Maneco ainda disse que se tivesse que definir um ideal, um objetivo maior desta trajetória de anos, seria o de trabalhar pelos fornecedores. “O propósito é faze-los prosperar, ter uma qualidade de vida melhor e um ganho cada vez mais justo através do Consecana. Esse tem sido meu empenho, tanto enquanto presidente da Canaoeste como também enquanto presidente da Orplana. Harmonizar as nossas entidades, fazer disso um grande sistema.”
Sob o ponto de vista do produtor, Maneco acreditava que a orientação técnica, do agrônomo, era fundamental para o proprietário da terra, mas disse que também era importante estar próximo aos centros onde as decisões acontecem. “Temos que trabalhar um pouco na esfera municipal, um pouco mais na esfera estadual e muito na esfera federal.”
E assim ele defendia o peso de entidades como a Orplana e a Canaoeste. “Precisamos estar mais presentes junto à classe política, ajudando a construir aquilo que entendemos que é certo. De nada adianta conseguir ganhos de produtividade, de eficiência, se numa canetada em Brasília são tiradas essas vantagens que se têm conseguido de outra forma”, afirmou.
UM EXEMPLO DE VIDA
Maneco falava com orgulho sobre o privilégio que tinha de participar de várias entidades. Ele participou da Maçonaria, do Lions Club, conselhos, Sindicato Rural, Sescoop São Paulo, Sicoob São Paulo, Copercana, Canaoeste, Sicoob Cocred e Orplana. “Tenho bastante coisa, digamos, para me distrair (risos) e tocar um pouco mais. E, quem sabe, esta é minha missão daqui para frente, preparar pessoas para dar sequência nessas atividades todas que participo hoje”.
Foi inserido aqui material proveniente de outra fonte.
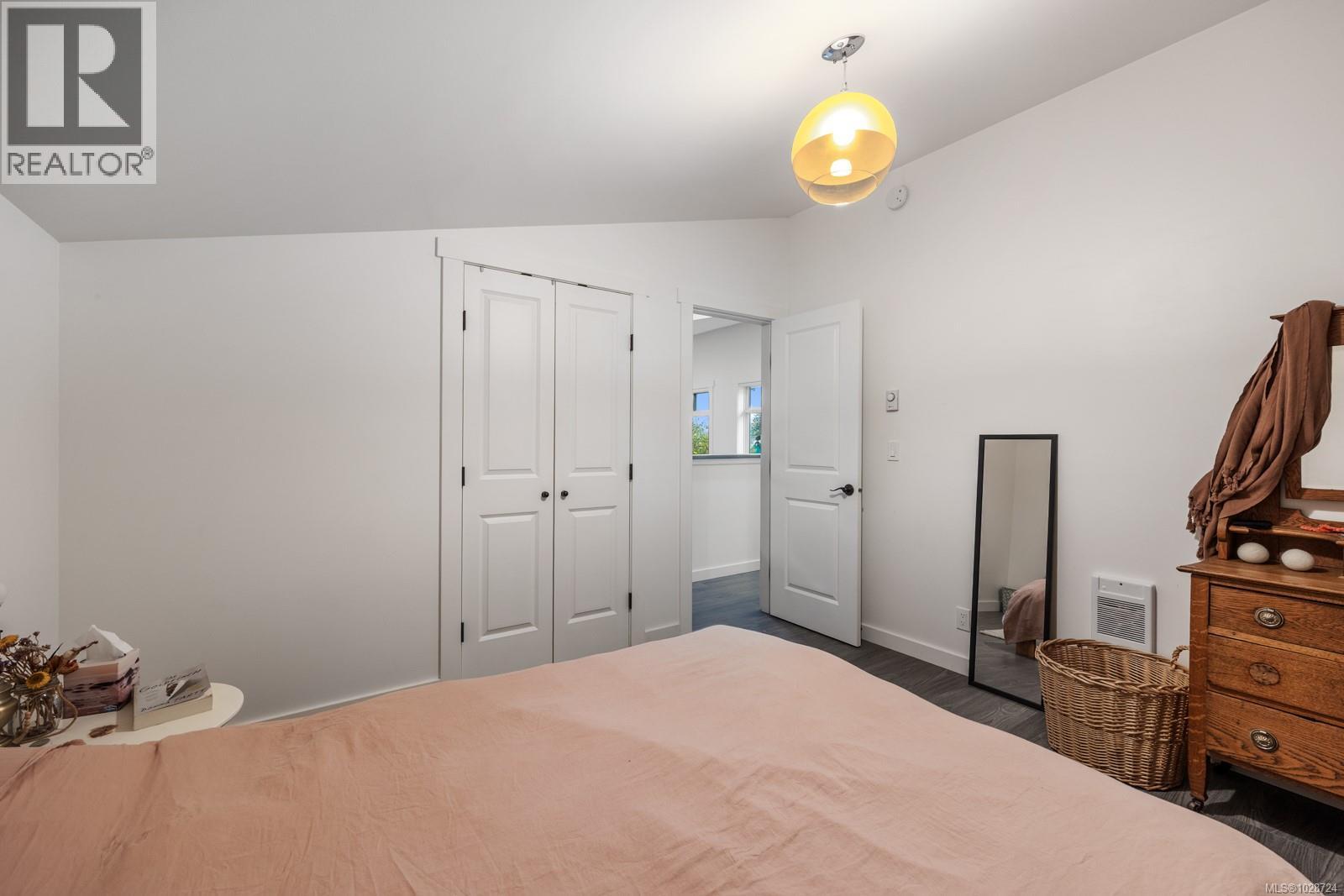 3328 Third St - 14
Ele tinha como filosofia de vida duas coisas: trabalhar e deixar um bom exemplo de vida para os filhos. “Não só para eles, mas dentro da empresa também. Que a nossa vida possa servir de exemplo de busca pela paz, harmonia e entendimento entre as pessoas.”
Maneco faleceu por conta de uma leucemia, descoberta em março deste ano. Esta é uma singela homenagem a essa grande voz do setor, que estará sempre nos corações de todos os que tiveram a oportunidade de aprender com ele.